Entries shown START
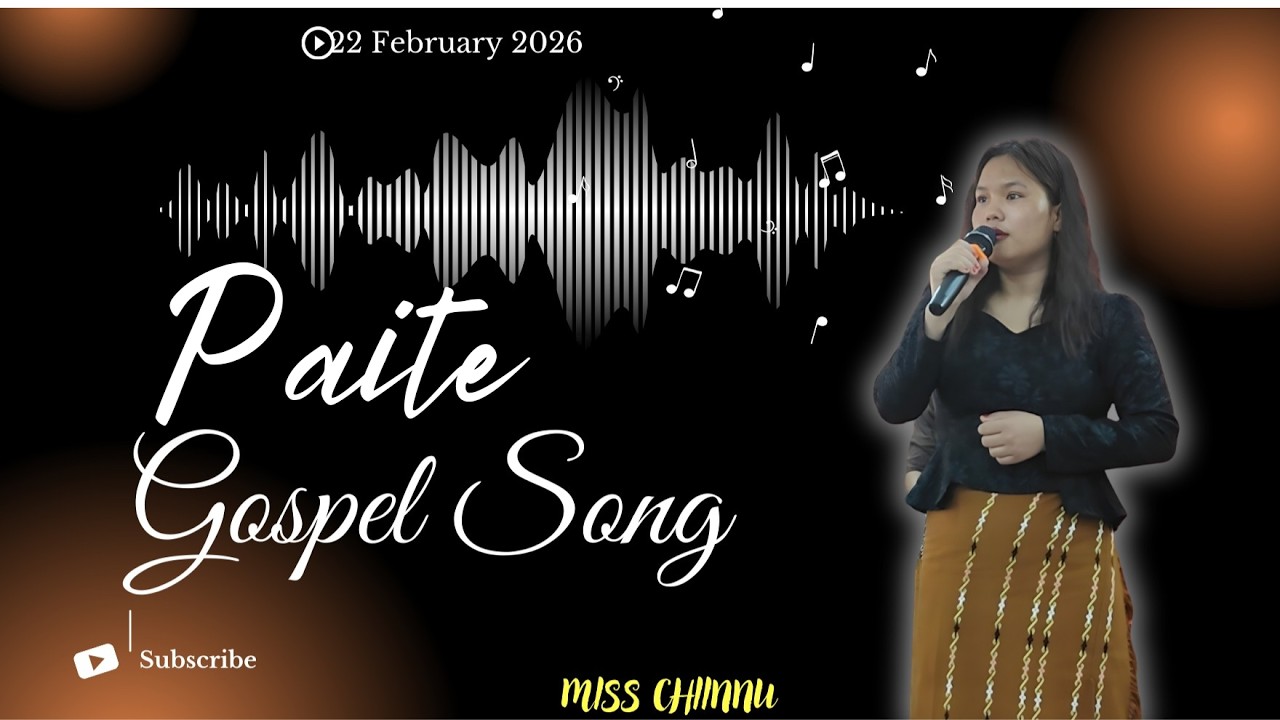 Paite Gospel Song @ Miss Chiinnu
Entries shown END
Entries shown START
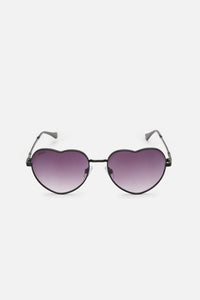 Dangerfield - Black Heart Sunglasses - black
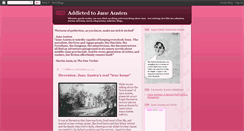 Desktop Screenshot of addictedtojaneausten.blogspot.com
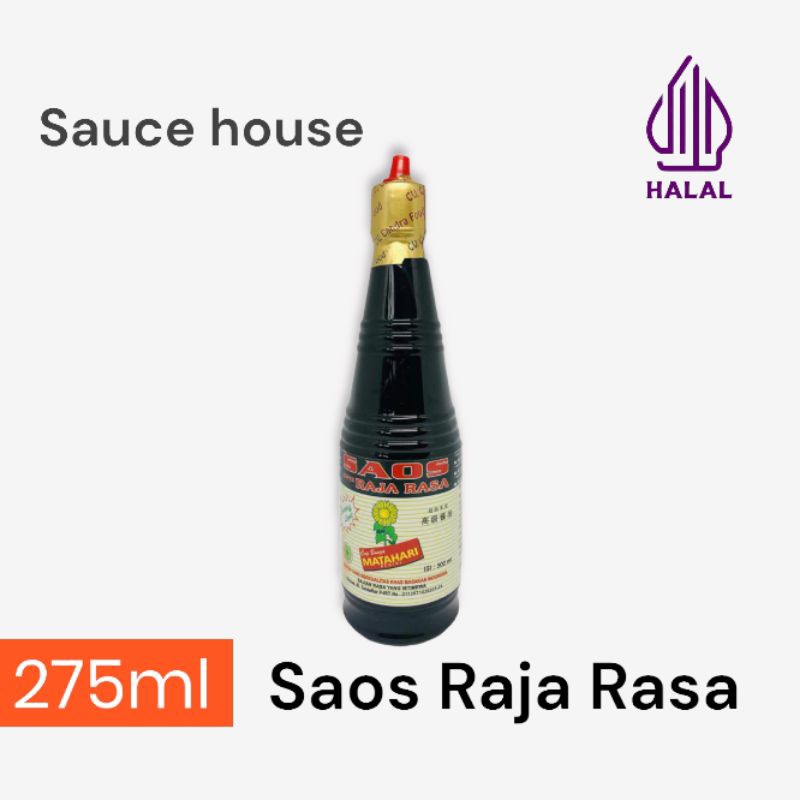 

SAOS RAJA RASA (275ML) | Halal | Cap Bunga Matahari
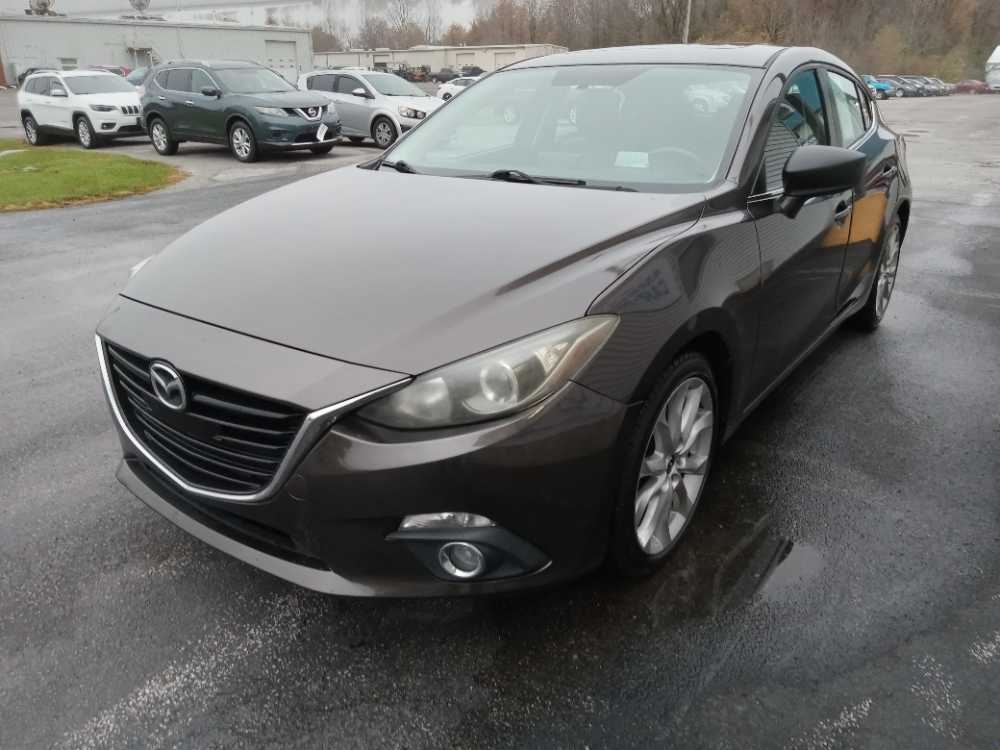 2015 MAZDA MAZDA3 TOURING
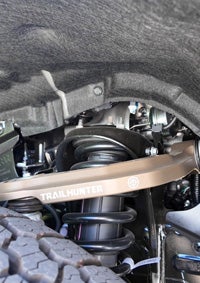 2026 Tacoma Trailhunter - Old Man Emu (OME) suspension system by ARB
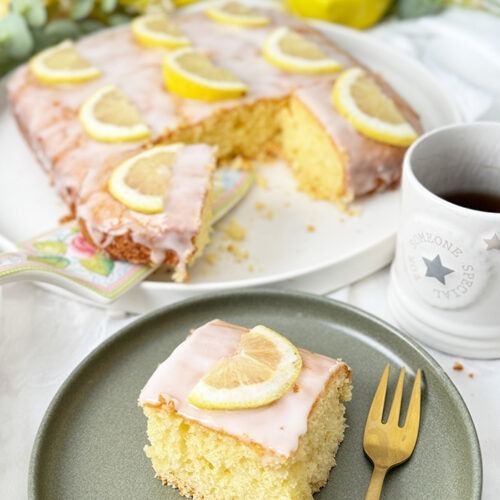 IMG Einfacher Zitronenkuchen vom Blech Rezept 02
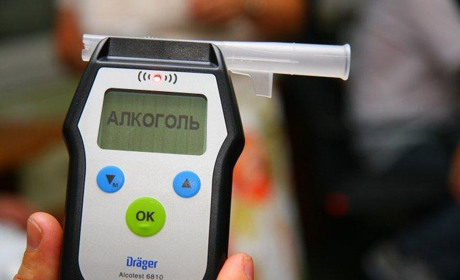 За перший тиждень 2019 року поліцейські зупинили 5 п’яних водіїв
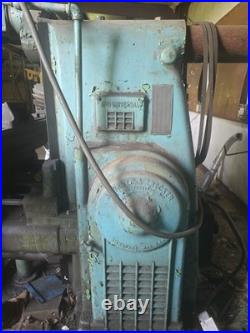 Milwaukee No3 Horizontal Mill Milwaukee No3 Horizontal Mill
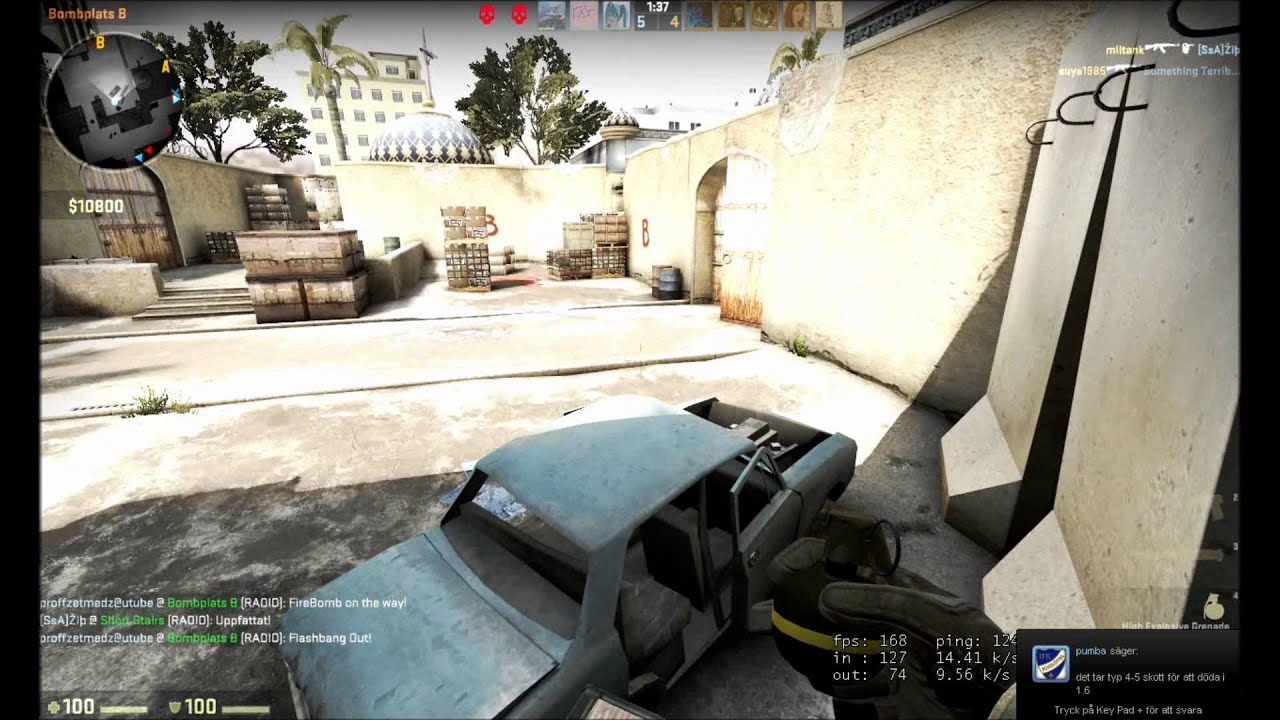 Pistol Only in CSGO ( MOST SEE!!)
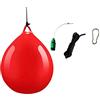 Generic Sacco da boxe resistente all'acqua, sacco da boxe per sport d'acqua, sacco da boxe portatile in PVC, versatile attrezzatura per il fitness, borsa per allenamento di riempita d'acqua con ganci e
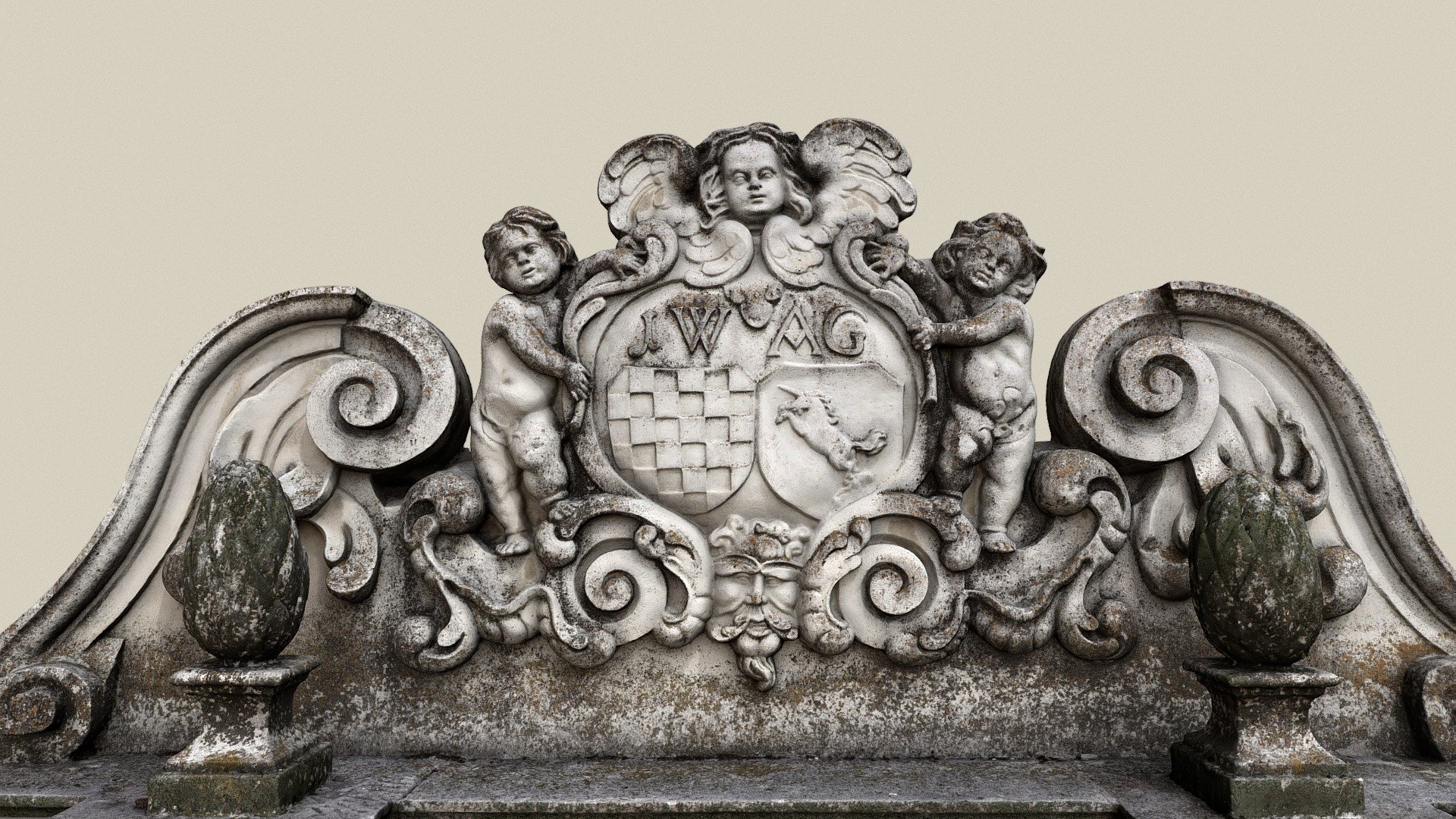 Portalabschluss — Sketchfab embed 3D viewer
Entries shown END
**Your instructions**
The answer is the lines of the material above, from the one containing "Generic Sacco da" down to the one containing "Portalabschluss — Sketchfab embed 3D viewer", given exactly and without images.

**Finished task**
 Generic Sacco da boxe resistente all'acqua, sacco da boxe per sport d'acqua, sacco da boxe portatile in PVC, versatile attrezzatura per il fitness, borsa per allenamento di riempita d'acqua con ganci e
 Portalabschluss — Sketchfab embed 3D viewer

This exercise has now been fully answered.